On 2025-06-15 20:35, Greg KH wrote:
> On Sat, Jun 14, 2025 at 07:53:34AM -0700, Marc Herbert wrote:
>>> the kernel relies on this not being "optimized away" by the compiler
>>> in many places.
>>
>> I think "undefined behavior" is the more general topic, more important
>> than null pointer checks specifically?
> 
> Is this really "undefined behaviour"? 

This is apparently debatable:

https://stackoverflow.com/questions/26906621/does-struct-name-null-b-cause-undefined-behaviour-in-c11

Also note: https://blog.llvm.org/2011/05/what-every-c-programmer-should-know.html

  Dereferencing a NULL Pointer: contrary to popular belief,
  dereferencing a null pointer in C is undefined. [...] NULL pointer
  dereferences being undefined enables a broad range of optimizations
  [...]  This significantly punishes scheduling and other
  optimizations. In C-based languages, NULL being undefined enables a
  large number of simple scalar optimizations that are exposed as a
  result of macro expansion and inlining.

> There are a lot of things that the kernel requires for a compiler to
> be able to build it, and this is one of those things, it can't do this
> type of "optimization" and expect the output to actually work
> properly.

According to page 2, this type of optimizations exists for a reason and
makes a real impact
https://blog.llvm.org/2011/05/what-every-c-programmer-should-know_14.html

  While this is intentionally a simple and contrived example, this sort
  of thing happens all the time with inlining: inlining a function often
  exposes a number of secondary optimization opportunities. This means
  that if the optimizer decides to inline a function, a variety of local
  optimizations can kick in, which change the behavior of the code. This
  is both perfectly valid according to the standard, and _important for
  performance in practice_. [emphasis mine]

In other words, by turning this off unconditionally at the global level,
the kernel could actually lose (surprise!) some performance.

> Again, that's not the issue here.  The issue is that we rely on this
> type of optimization to not happen in order to work properly.

I'm interested in examples where this deviation is actually required, if
anyone can think of some from the top of their head.

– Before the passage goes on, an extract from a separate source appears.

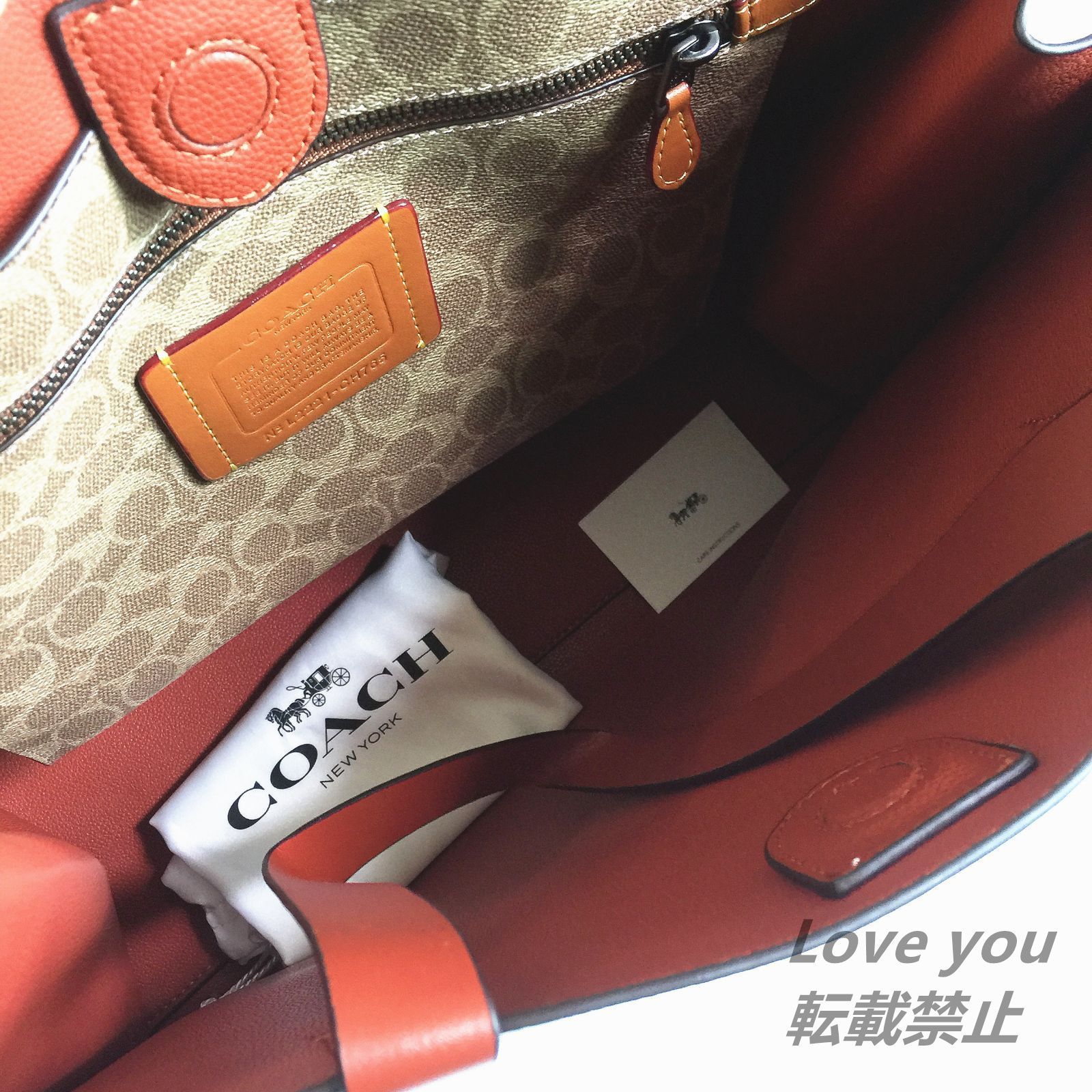 新品 COACH コーチバッグ CH765 リレー トートバッグ ハンドバッグ グラフィック ショルダーバッグ 手提げバッグ レディースバッグ  アウトレット品 チョーク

But in this
particular case it is not required because it's trivial and enough to
swap the two lines and check the pointer first. Even if the language
lawyers eventually agree that this particular case is not UB (for
instance: because it does not dereference "for real"), I still miss the
value of involving lawyers (or tripping some analyzers) at all in
situations where this can be avoided so easily. There are plenty enough
complex situations already, no need for even more C torture :-)


> So no need to "fix" anything here except perhaps the compiler for not
> attempting to do foolish things like this :)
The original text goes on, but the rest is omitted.